Dual-Modality Molecular Imaging of Tumor via Quantum Dots-Liposome–Microbubble Complexes

Pharmaceutics 2022, 14(11), 2510; https://doi.org/10.3390/pharmaceutics14112510
by Jieqiong Wang 1, Yuanyuan Wang 2, Jie Jia 1, Chenxing Liu 2, Dong Ni 3, Litao Sun 4,* and Zhijie Guo 5,*
Reviewer 1: Anonymous
Reviewer 2: Anonymous
Pharmaceutics 2022, 14(11), 2510; https://doi.org/10.3390/pharmaceutics14112510
Submission received: 8 October 2022 / Revised: 7 November 2022 / Accepted: 15 November 2022 / Published: 18 November 2022
(This article belongs to the Special Issue Ultrasound-Assisted Drug Delivery System)

Round 1

Reviewer 1 Report

Wang et al. presented dual-modality imaging of breast cancer in cell culture, and mouse models using Qunatumdot-liposomes fused microbubbles. This reviewer encourages the study and recommends publication after a few minor corrections. 

Minor points:

1. Methodology or ratios of materials used in the preparation of microbubbles is not clear in the methods section.  

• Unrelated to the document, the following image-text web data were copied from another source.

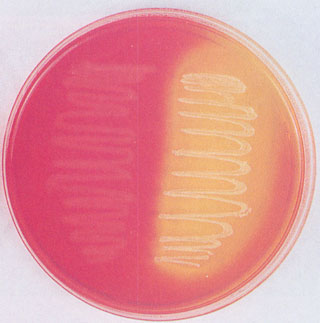 1.2. Estudo Microbiológico * Exame directo microscópico após s coloração de Gram.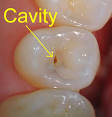 Cavities | Palm Beach County, Boynton Beach, West Palm Beach, Boca ...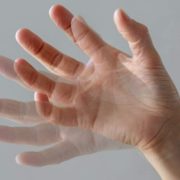 El Parkinson enfermedad neurodegenerativa ¿Qué sabemos de esta enfermedad?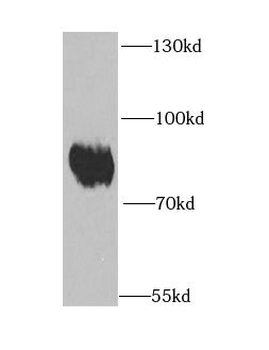 EPB41 Antibody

2. This current study is interesting and can be impactful if authors use any current state-of-art method to compare and benchmark the performance of their method. As this is beyond the scope of this article, the authors should explain the possible advantages of their method by comparing current clinical practices.  

Author Response

Reviewer #1:

Wang et al. presented dual-modality imaging of breast cancer in cell culture, and mouse models using Qunatumdot-liposomes fused microbubbles. This reviewer encourages the study and recommends publication after a few minor corrections. 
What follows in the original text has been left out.